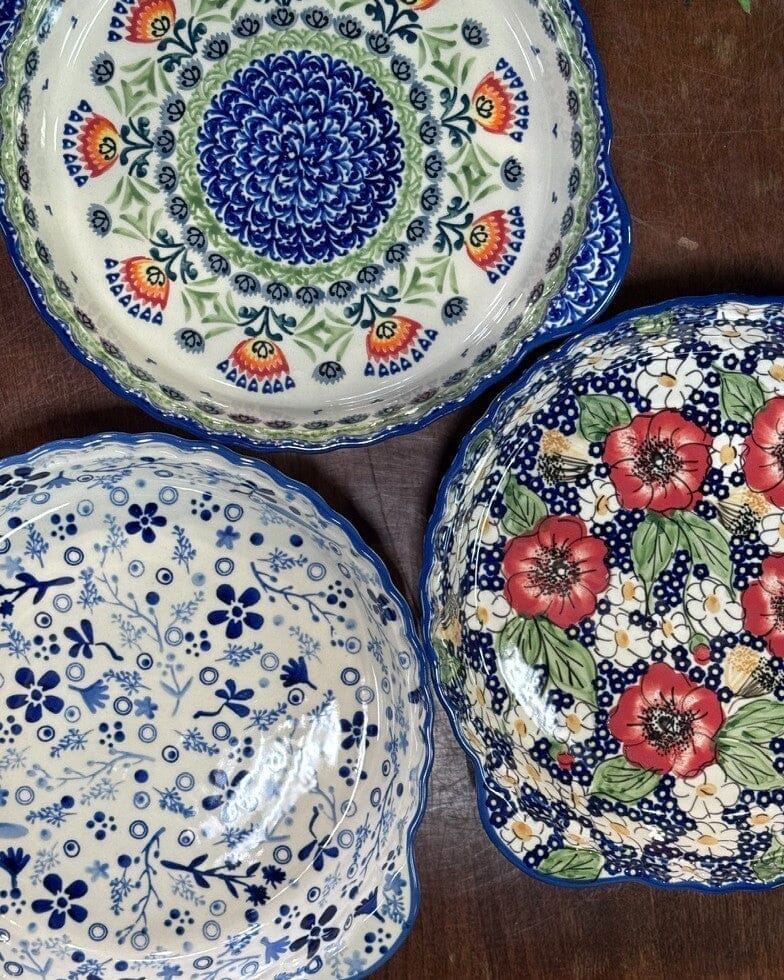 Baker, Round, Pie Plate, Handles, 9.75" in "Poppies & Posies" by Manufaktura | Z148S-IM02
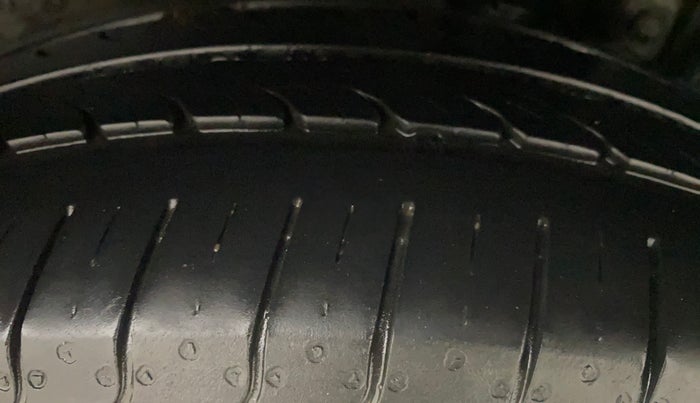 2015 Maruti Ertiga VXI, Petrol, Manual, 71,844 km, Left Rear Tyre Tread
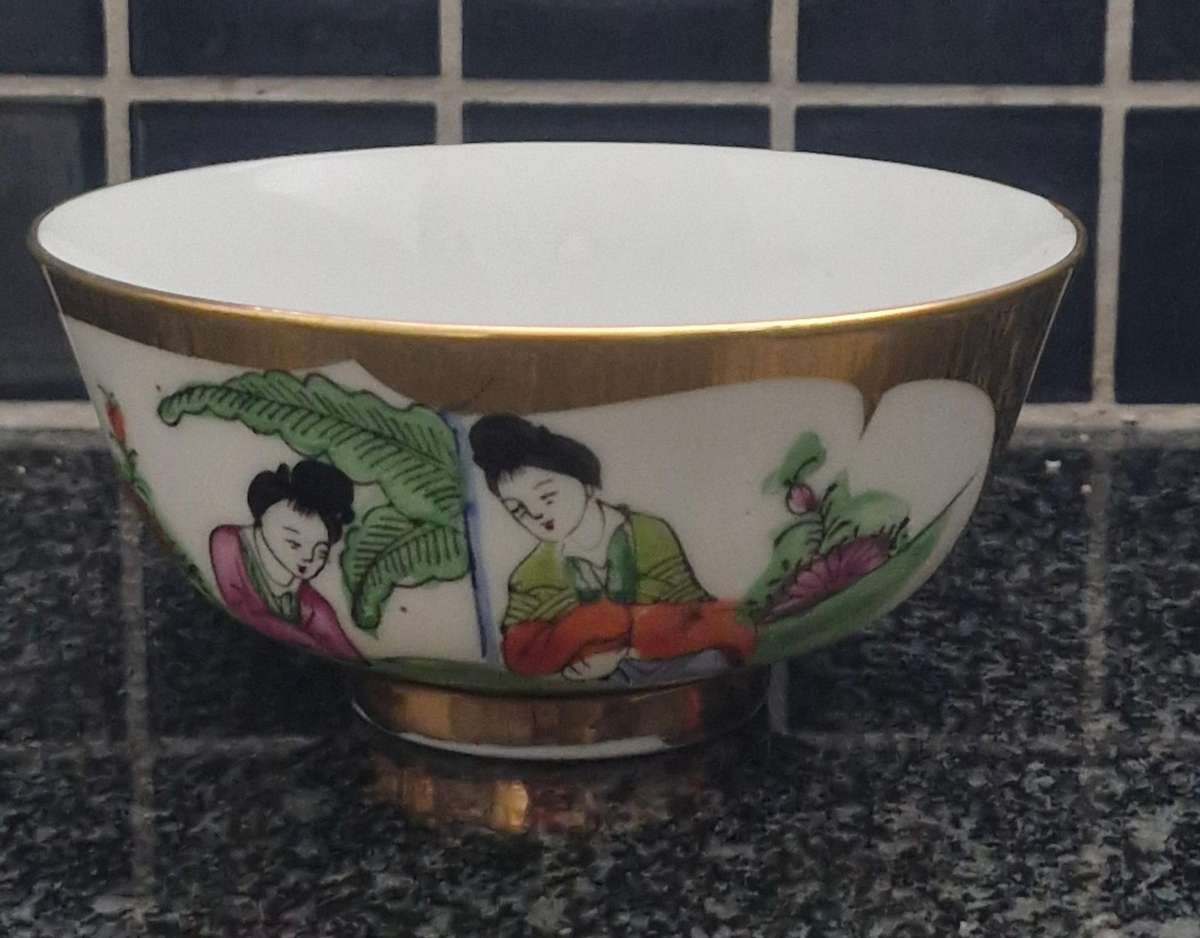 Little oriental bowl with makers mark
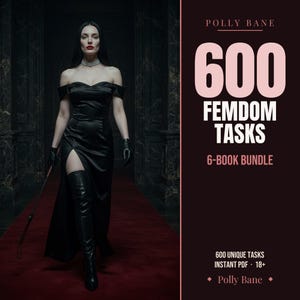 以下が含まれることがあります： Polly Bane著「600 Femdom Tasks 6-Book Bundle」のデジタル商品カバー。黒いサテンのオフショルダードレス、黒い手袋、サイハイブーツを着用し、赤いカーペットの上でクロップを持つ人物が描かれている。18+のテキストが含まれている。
--
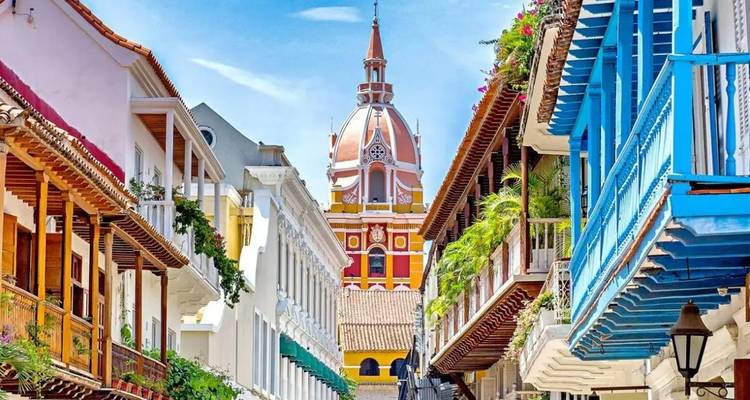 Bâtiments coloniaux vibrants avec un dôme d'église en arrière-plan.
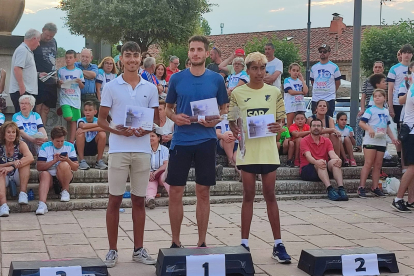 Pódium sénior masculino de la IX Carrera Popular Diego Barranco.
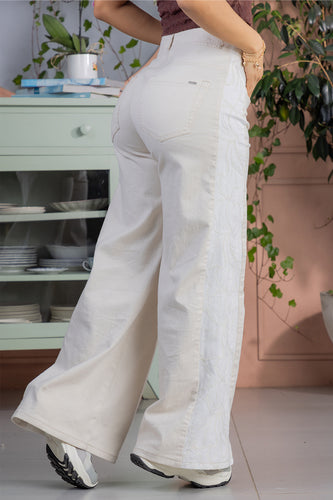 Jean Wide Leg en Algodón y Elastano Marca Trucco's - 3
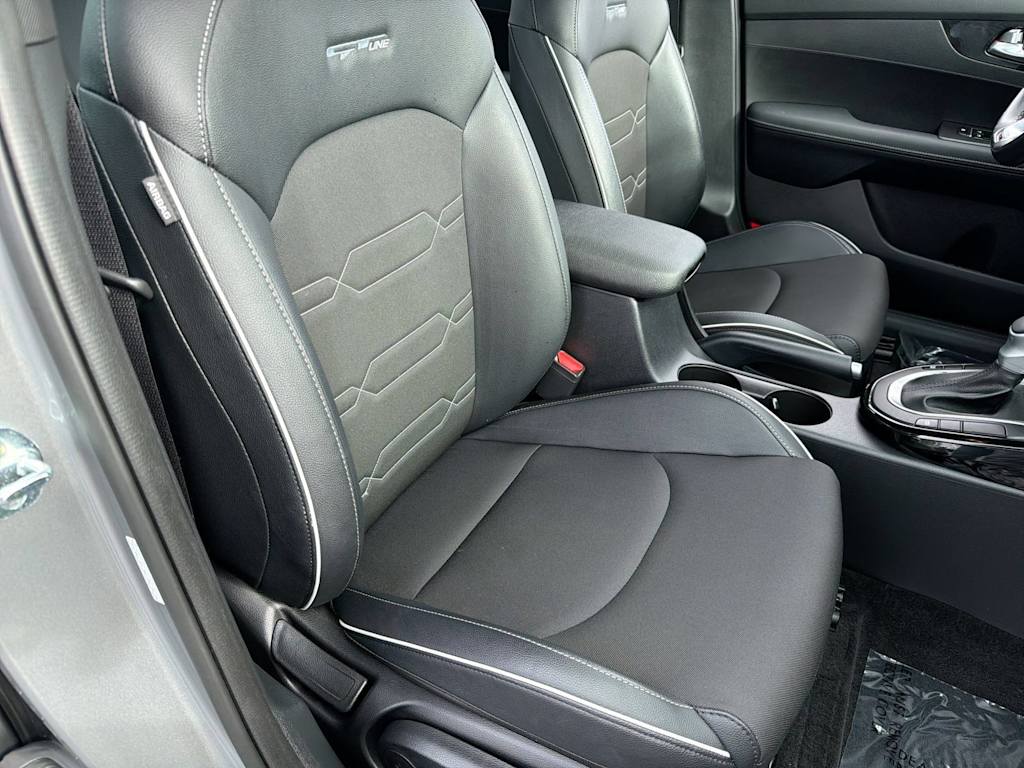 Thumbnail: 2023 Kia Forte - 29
* * *
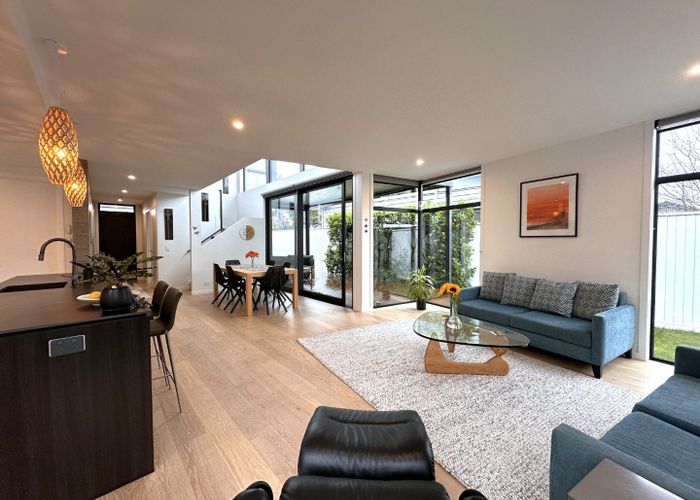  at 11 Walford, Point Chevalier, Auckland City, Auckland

- _TRY IT_: Leave the pictures out. Output, exactly, the lines of the material above starting at the line containing "2015 Maruti Ertiga" and ending at the line containing "以下が含まれることがあります： Polly Bane著「600".

- _EXERCISE SOLUTION_:
 2015 Maruti Ertiga VXI, Petrol, Manual, 71,844 km, Left Rear Tyre Tread
 Little oriental bowl with makers mark
 以下が含まれることがあります： Polly Bane著「600 Femdom Tasks 6-Book Bundle」のデジタル商品カバー。黒いサテンのオフショルダードレス、黒い手袋、サイハイブーツを着用し、赤いカーペットの上でクロップを持つ人物が描かれている。18+のテキストが含まれている。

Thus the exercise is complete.